Contributed by Stephanie Slepian
October 09, 2008
Angie's a city dog, but she has the instincts of a country hound. The 11-pound, silky-furred Shih Tzu from an East Village pad persevered in the wilds of Clay Pit Pond State Park Preserve for 32 days. And despite the lice and the ticks, Angie is back to being Angie. Not bad for the runt of the litter.
Angie with her owner, Paul O'Neill and his sister, Doris O'Neil Cabrera.
Angie, an 11-pound Shih Tzu, was able to survive on her own for 32 days in Clay Pit Pond State Park.
"She's so bony and skinny, I don't know how she survived out there," said Paul O'Neill, her Manhattanite owner, who had dropped Angie off for dog-sitting at his sister's Rossville home before a vacation to Puerto Rico.
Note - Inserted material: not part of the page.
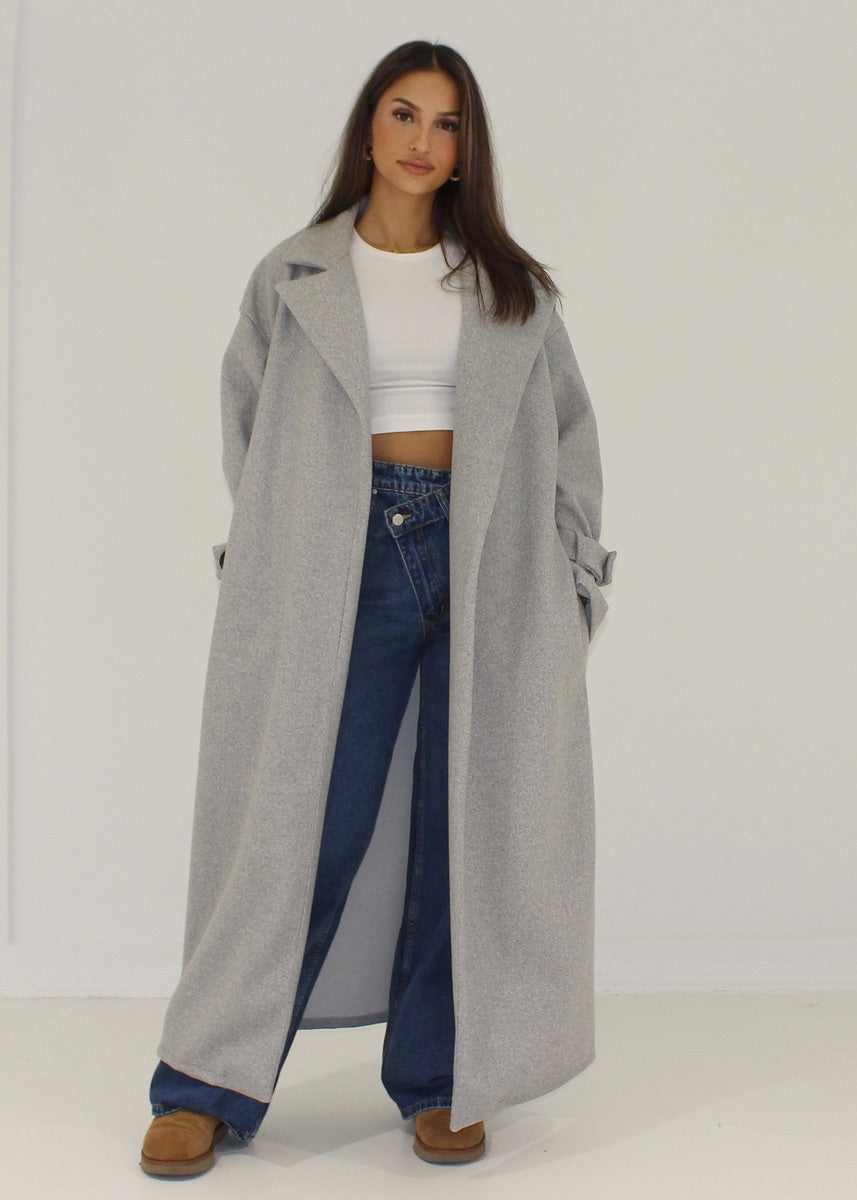 Langer Mantel mit Gürtel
O'Neill spent a few days with his sister, Doris O'Neill Cabrera, before saying his goodbyes to Angie, and her mother and father, Amy and Archie, on Sept. 2.
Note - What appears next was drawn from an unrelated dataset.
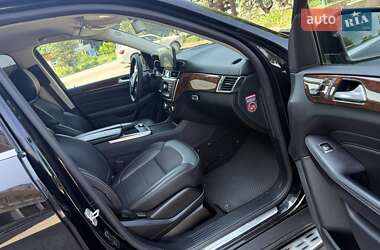 Внедорожник / Кроссовер Mercedes-Benz M-Class 2013 в 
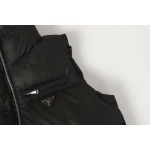 2025年10月30日秋冬新作Pradaダウンベスト高品質人気商品/LDF工場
That evening, Mrs. O'Neill Cabrera took the dogs, along with her own, into the backyard, where Angie manifested a new trick: She could go underneath the deck and come out the other end. That also might have been the means for her great escape.
"She lives in a small Manhattan apartment," Mrs. O'Neill Cabrera said. "She doesn't get outside much. Her only freedom is in my backyard. I had them in the grass in the backyard. She was so happy."
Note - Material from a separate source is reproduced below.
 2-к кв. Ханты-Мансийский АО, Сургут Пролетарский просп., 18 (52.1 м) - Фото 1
Mrs. O'Neill Cabrera went inside for about 10 minutes, and when she returned, Angie was gone.
Her brother raced back from Manhattan and 25 neighbors banded together with flashlights, searching the neighborhood and its woods. Over the next few days, they put up posters on utility poles, in supermarket windows. The entire community became invested in finding the lost dog. But there was no trace of Angie.
Heartbroken, O'Neill went on vacation, convinced he would get a call that "his baby" had been found. He returned home, but Angie didn't.
He never lost hope -- and on Friday, his phone rang.
"This is your Angie," said the voice on the other end. Three men -- who recognized the dog from the missing posters -- had pulled her out of a thorn-filled ditch in Clay Pit Pond State Park and brought her to the Animal Care and Control shelter in Charleston.
She lost about 3 pounds, her coat had to be shaved to remove the ticks and lice and she was running a fever, but she knew O'Neill in an instant.
"When she saw me, she got really excited," he said. "When I started calling her name, she came right to me."
If only she could tell him how she did it.
"That would be something," O'Neill said. "If she could just point out where she went and where she stayed."
Either way, she answers to a new name now: Angie Angel.